[WHAT YOU ARE ASKED TO DO]
Nothing below is to be printed except the lines between the line holding "Furniture * |" and the line holding "JIAFEI Cover per", inclusive, each exactly as it appears.

(Records from a dataset)
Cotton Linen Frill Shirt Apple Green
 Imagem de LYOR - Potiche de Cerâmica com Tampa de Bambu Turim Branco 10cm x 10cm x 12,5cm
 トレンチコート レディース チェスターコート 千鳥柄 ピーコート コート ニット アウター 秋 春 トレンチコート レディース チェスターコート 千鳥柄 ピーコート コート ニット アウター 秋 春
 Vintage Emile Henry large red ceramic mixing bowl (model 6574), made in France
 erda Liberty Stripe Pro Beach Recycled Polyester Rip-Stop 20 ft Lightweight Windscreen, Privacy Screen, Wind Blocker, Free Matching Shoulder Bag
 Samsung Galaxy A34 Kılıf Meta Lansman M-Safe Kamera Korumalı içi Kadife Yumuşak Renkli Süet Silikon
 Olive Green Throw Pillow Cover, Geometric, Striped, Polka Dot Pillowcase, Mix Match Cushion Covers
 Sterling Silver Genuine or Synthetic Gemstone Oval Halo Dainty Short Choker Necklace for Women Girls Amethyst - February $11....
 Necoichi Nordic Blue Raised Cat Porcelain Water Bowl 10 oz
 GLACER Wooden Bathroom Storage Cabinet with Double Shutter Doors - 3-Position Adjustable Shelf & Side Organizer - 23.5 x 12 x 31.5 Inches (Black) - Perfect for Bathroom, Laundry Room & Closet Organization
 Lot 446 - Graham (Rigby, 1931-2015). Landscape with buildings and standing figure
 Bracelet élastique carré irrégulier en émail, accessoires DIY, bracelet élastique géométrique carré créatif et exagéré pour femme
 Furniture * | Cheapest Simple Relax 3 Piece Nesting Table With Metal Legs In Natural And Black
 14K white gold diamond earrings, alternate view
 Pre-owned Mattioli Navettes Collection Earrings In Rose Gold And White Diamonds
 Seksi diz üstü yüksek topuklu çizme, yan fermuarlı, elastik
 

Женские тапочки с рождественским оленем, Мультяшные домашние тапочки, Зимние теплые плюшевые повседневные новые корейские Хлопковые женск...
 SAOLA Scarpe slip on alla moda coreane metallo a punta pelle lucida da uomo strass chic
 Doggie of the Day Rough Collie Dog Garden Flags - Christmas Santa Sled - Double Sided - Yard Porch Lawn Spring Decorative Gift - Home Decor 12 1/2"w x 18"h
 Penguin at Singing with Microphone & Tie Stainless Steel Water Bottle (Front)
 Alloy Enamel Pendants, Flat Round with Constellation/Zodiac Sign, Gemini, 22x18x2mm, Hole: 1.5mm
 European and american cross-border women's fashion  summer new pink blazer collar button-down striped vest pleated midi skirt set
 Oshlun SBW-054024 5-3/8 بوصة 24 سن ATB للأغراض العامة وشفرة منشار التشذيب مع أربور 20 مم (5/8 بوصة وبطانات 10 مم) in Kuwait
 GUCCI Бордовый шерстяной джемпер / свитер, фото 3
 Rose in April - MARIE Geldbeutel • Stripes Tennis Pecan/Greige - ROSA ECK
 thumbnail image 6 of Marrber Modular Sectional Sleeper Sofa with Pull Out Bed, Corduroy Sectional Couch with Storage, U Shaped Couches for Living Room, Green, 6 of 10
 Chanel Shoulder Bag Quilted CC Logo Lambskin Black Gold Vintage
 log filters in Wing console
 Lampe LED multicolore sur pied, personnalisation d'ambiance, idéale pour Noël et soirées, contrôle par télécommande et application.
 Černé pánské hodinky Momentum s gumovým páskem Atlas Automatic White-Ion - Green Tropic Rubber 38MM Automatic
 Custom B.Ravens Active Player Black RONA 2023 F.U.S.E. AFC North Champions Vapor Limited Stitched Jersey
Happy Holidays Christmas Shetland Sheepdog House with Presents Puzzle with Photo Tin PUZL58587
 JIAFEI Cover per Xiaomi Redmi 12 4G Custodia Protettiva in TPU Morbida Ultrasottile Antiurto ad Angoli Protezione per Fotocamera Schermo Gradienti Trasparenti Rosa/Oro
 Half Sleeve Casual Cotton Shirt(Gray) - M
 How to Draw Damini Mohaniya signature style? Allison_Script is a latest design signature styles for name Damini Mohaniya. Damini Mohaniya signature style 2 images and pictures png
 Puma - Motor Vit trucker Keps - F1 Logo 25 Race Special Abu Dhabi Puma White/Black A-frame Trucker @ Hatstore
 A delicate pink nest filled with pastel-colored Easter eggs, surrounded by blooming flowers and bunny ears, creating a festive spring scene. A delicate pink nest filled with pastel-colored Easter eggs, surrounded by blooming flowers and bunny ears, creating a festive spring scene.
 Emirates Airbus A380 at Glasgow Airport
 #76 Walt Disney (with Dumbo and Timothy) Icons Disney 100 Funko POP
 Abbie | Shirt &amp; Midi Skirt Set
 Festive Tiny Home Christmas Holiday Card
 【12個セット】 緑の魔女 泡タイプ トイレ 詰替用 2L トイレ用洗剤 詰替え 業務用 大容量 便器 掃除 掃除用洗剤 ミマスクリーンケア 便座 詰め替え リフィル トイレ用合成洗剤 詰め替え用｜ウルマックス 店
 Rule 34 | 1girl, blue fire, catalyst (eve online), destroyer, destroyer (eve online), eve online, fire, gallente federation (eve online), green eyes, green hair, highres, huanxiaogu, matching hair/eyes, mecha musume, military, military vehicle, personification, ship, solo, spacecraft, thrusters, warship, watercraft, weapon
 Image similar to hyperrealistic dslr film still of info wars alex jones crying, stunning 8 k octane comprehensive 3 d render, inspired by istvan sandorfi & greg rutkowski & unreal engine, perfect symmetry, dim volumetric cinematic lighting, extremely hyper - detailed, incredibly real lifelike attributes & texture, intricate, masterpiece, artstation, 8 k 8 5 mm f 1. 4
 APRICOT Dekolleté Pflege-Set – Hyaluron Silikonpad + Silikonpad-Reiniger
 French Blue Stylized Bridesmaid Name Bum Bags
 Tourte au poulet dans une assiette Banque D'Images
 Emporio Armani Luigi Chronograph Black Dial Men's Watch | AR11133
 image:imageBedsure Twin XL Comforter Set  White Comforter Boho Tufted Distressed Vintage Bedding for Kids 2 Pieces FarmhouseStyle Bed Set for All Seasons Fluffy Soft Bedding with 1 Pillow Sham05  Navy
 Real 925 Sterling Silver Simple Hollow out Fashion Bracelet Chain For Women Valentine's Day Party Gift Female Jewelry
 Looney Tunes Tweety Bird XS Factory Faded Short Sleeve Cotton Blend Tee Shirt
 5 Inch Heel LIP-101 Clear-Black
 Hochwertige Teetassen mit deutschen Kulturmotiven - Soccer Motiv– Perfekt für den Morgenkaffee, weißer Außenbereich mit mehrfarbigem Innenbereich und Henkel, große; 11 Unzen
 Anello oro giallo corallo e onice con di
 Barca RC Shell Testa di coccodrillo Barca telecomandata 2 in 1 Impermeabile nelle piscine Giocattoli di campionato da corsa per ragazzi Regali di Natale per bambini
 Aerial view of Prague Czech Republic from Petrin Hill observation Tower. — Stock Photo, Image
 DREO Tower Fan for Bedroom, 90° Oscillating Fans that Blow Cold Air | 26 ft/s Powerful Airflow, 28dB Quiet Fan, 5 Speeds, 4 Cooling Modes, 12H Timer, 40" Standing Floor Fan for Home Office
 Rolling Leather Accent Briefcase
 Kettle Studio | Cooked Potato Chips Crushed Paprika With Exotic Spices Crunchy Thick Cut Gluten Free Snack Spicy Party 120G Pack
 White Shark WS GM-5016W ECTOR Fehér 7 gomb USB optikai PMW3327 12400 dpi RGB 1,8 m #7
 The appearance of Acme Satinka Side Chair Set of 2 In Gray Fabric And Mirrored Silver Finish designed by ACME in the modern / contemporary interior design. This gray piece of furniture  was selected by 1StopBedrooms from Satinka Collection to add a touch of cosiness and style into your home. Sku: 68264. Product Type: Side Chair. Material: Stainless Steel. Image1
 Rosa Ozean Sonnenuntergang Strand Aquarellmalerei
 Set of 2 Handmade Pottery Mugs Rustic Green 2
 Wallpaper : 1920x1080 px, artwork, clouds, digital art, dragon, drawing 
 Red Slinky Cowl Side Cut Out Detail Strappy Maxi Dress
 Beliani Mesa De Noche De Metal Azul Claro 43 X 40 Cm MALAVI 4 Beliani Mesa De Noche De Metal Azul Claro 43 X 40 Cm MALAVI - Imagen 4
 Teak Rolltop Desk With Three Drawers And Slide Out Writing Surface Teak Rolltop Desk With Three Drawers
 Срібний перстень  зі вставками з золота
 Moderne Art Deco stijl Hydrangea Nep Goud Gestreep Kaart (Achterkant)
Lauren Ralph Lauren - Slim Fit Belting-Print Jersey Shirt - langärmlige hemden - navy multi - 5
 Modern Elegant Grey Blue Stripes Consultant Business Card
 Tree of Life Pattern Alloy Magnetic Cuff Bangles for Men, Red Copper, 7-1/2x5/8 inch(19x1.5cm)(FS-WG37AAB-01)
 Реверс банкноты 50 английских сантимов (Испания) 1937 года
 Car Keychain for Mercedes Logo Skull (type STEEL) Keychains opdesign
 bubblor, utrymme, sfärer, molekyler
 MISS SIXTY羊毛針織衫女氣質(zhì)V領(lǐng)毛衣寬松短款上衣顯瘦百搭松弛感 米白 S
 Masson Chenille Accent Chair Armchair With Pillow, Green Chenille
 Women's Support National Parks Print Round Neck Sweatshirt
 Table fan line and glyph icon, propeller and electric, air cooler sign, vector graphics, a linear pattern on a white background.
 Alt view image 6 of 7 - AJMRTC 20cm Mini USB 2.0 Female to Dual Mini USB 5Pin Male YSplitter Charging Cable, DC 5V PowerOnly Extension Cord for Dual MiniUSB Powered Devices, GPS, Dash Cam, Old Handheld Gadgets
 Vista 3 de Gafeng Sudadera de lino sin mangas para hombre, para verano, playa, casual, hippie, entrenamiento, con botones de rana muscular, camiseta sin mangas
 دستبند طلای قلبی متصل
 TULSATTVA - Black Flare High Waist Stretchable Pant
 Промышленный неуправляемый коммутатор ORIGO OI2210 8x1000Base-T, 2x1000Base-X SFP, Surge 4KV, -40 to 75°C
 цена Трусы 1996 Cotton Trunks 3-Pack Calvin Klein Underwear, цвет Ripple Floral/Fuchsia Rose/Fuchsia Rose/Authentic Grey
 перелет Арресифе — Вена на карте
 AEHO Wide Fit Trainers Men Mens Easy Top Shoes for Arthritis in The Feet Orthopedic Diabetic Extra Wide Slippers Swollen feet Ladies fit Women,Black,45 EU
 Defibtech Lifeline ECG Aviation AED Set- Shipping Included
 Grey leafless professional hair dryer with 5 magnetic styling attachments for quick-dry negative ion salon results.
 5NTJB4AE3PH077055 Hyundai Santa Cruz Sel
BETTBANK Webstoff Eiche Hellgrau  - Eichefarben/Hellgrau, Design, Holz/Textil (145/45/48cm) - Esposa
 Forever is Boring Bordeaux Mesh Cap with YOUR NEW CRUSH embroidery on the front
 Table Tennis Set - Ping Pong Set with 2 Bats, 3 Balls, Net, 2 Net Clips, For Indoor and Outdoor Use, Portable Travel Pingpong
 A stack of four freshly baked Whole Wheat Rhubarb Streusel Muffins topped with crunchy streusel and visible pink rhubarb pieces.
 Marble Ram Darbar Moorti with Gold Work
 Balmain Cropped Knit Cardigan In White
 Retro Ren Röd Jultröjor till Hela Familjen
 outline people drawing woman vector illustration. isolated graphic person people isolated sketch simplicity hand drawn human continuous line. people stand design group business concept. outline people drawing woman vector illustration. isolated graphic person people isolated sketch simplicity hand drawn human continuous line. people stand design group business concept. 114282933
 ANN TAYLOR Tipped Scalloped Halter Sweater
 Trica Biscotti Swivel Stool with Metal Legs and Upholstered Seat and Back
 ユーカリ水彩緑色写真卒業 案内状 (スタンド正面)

[ANSWER TO THE EXERCISE]
 Furniture * | Cheapest Simple Relax 3 Piece Nesting Table With Metal Legs In Natural And Black
 14K white gold diamond earrings, alternate view
 Pre-owned Mattioli Navettes Collection Earrings In Rose Gold And White Diamonds
 Seksi diz üstü yüksek topuklu çizme, yan fermuarlı, elastik
 

Женские тапочки с рождественским оленем, Мультяшные домашние тапочки, Зимние теплые плюшевые повседневные новые корейские Хлопковые женск...
 SAOLA Scarpe slip on alla moda coreane metallo a punta pelle lucida da uomo strass chic
 Doggie of the Day Rough Collie Dog Garden Flags - Christmas Santa Sled - Double Sided - Yard Porch Lawn Spring Decorative Gift - Home Decor 12 1/2"w x 18"h
 Penguin at Singing with Microphone & Tie Stainless Steel Water Bottle (Front)
 Alloy Enamel Pendants, Flat Round with Constellation/Zodiac Sign, Gemini, 22x18x2mm, Hole: 1.5mm
 European and american cross-border women's fashion  summer new pink blazer collar button-down striped vest pleated midi skirt set
 Oshlun SBW-054024 5-3/8 بوصة 24 سن ATB للأغراض العامة وشفرة منشار التشذيب مع أربور 20 مم (5/8 بوصة وبطانات 10 مم) in Kuwait
 GUCCI Бордовый шерстяной джемпер / свитер, фото 3
 Rose in April - MARIE Geldbeutel • Stripes Tennis Pecan/Greige - ROSA ECK
 thumbnail image 6 of Marrber Modular Sectional Sleeper Sofa with Pull Out Bed, Corduroy Sectional Couch with Storage, U Shaped Couches for Living Room, Green, 6 of 10
 Chanel Shoulder Bag Quilted CC Logo Lambskin Black Gold Vintage
 log filters in Wing console
 Lampe LED multicolore sur pied, personnalisation d'ambiance, idéale pour Noël et soirées, contrôle par télécommande et application.
 Černé pánské hodinky Momentum s gumovým páskem Atlas Automatic White-Ion - Green Tropic Rubber 38MM Automatic
 Custom B.Ravens Active Player Black RONA 2023 F.U.S.E. AFC North Champions Vapor Limited Stitched Jersey
Happy Holidays Christmas Shetland Sheepdog House with Presents Puzzle with Photo Tin PUZL58587
 JIAFEI Cover per Xiaomi Redmi 12 4G Custodia Protettiva in TPU Morbida Ultrasottile Antiurto ad Angoli Protezione per Fotocamera Schermo Gradienti Trasparenti Rosa/Oro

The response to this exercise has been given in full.